[Opening PROVIDED RECORDS section]
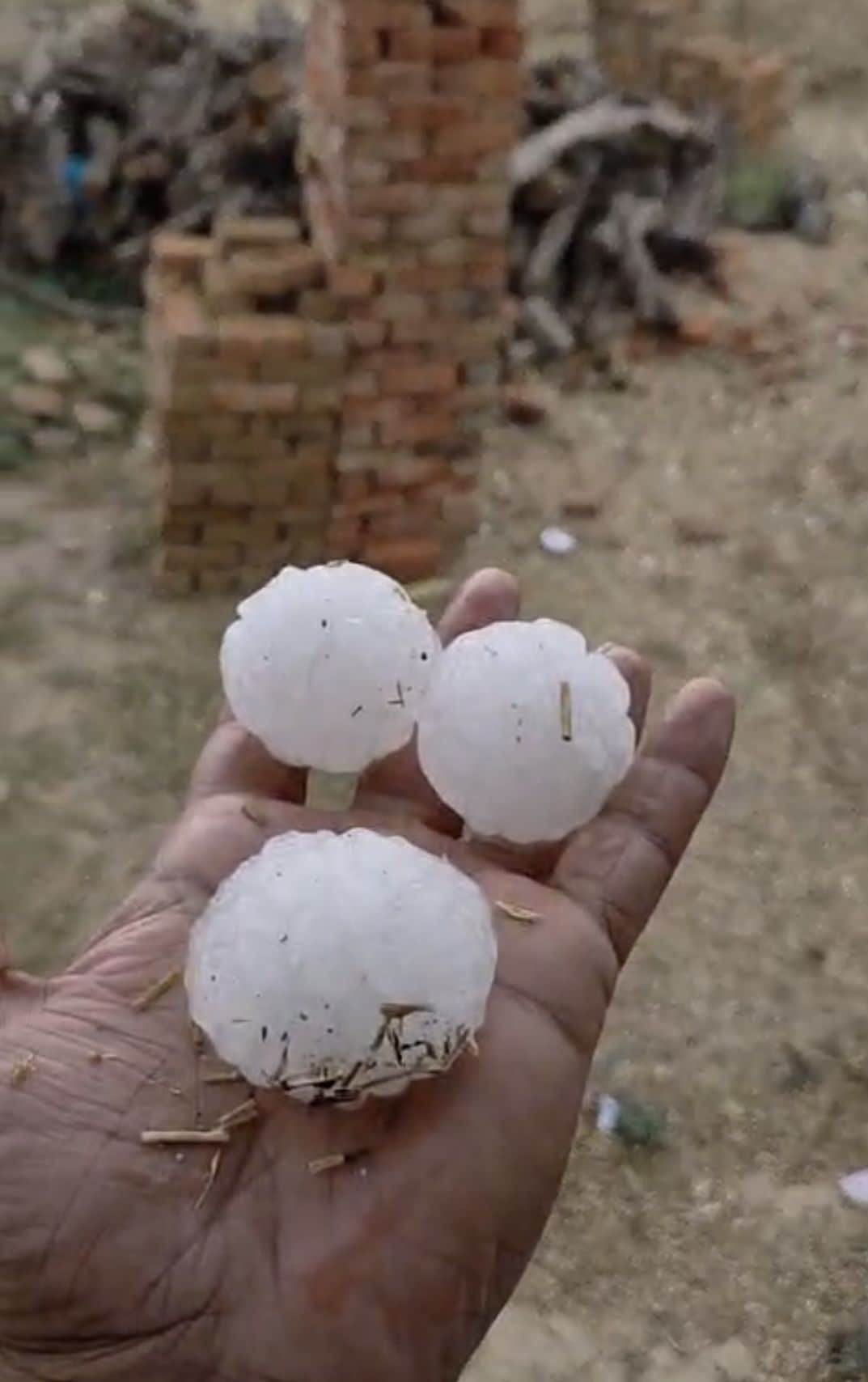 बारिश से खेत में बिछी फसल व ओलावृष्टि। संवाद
[Closing PROVIDED RECORDS section]
[Opening PROVIDED RECORDS section]
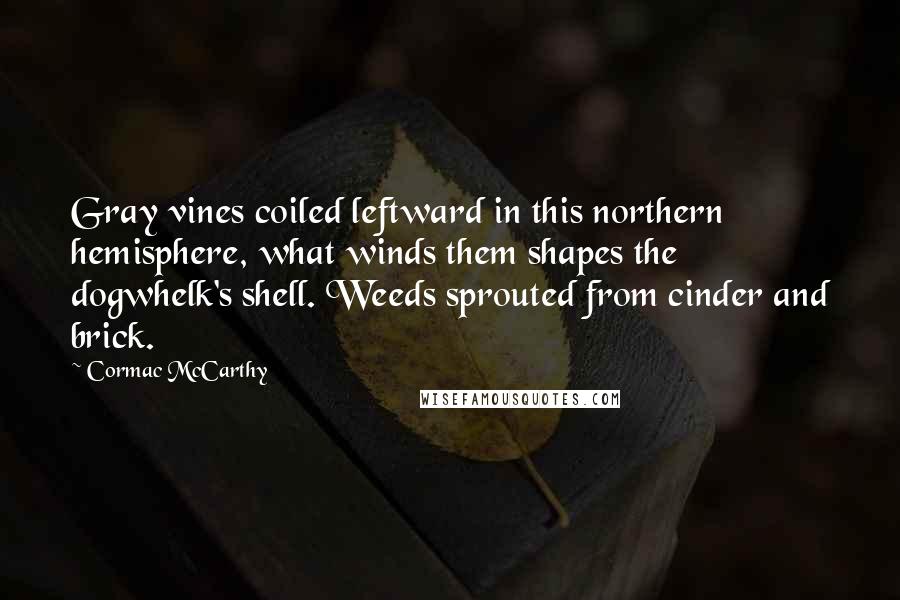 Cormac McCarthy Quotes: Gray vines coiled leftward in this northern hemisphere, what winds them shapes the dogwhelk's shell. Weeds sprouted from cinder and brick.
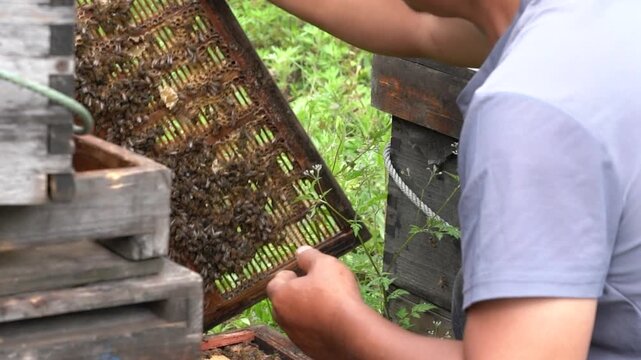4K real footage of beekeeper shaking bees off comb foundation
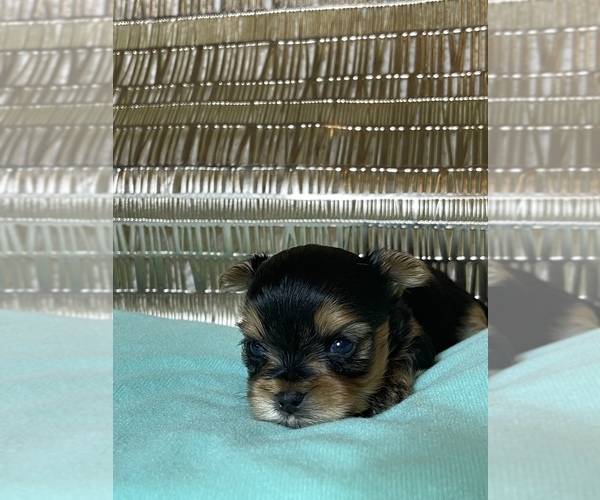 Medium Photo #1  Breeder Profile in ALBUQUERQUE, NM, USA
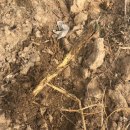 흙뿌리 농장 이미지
[Closing PROVIDED RECORDS section]
TO DO.
Above are records; write out the lines from the one with "Cormac McCarthy Quotes: Gray" down to the one with "4K real footage", exactly, leaving the pictures out.

RESPONSE BELOW.
 Cormac McCarthy Quotes: Gray vines coiled leftward in this northern hemisphere, what winds them shapes the dogwhelk's shell. Weeds sprouted from cinder and brick.
4K real footage of beekeeper shaking bees off comb foundation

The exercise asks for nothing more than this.